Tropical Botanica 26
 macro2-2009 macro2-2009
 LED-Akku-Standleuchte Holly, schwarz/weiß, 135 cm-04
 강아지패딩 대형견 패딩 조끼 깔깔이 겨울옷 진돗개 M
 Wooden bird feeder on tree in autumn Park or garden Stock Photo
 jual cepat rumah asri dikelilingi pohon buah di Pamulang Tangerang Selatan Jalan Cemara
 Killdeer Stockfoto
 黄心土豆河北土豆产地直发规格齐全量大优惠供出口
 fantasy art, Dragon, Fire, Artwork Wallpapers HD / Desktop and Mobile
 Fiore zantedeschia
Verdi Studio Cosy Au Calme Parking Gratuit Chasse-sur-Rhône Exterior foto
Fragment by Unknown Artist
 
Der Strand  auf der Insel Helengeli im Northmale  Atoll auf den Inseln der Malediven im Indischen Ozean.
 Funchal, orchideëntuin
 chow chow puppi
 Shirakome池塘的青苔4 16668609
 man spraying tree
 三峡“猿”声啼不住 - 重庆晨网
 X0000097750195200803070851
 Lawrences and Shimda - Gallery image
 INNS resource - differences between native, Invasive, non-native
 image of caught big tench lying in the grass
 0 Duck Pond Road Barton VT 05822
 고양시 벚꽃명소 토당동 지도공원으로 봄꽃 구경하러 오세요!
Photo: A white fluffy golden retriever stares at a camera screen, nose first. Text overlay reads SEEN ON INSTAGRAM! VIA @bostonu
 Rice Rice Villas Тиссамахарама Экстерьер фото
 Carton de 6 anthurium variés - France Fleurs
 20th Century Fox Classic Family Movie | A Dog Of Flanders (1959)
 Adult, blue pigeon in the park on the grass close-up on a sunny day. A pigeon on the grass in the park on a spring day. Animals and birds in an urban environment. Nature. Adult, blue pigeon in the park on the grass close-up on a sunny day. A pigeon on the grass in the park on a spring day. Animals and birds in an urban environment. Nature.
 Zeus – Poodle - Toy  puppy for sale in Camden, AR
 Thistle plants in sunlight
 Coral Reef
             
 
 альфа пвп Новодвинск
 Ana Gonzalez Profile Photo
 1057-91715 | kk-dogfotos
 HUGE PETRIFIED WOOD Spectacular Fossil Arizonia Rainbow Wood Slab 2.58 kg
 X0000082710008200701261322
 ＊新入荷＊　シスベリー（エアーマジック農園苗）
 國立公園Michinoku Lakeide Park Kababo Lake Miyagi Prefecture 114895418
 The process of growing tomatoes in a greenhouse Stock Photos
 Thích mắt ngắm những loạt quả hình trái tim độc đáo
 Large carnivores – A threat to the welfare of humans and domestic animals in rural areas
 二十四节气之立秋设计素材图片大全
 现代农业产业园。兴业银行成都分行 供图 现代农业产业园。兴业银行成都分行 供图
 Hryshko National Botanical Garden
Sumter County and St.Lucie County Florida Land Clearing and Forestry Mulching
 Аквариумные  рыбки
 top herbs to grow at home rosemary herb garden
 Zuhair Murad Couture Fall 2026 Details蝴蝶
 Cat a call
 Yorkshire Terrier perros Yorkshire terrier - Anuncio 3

__EXERCISE__: Using the data above, reproduce exactly the lines between those holding "강아지패딩 대형견 패딩 조끼 깔깔이 겨울옷 진돗개 M" and "image of caught big tench lying in the grass", inclusive, and no others.

__TASK SOLUTION__:
 강아지패딩 대형견 패딩 조끼 깔깔이 겨울옷 진돗개 M
 Wooden bird feeder on tree in autumn Park or garden Stock Photo
 jual cepat rumah asri dikelilingi pohon buah di Pamulang Tangerang Selatan Jalan Cemara
 Killdeer Stockfoto
 黄心土豆河北土豆产地直发规格齐全量大优惠供出口
 fantasy art, Dragon, Fire, Artwork Wallpapers HD / Desktop and Mobile
 Fiore zantedeschia
Verdi Studio Cosy Au Calme Parking Gratuit Chasse-sur-Rhône Exterior foto
Fragment by Unknown Artist
 
Der Strand  auf der Insel Helengeli im Northmale  Atoll auf den Inseln der Malediven im Indischen Ozean.
 Funchal, orchideëntuin
 chow chow puppi
 Shirakome池塘的青苔4 16668609
 man spraying tree
 三峡“猿”声啼不住 - 重庆晨网
 X0000097750195200803070851
 Lawrences and Shimda - Gallery image
 INNS resource - differences between native, Invasive, non-native
 image of caught big tench lying in the grass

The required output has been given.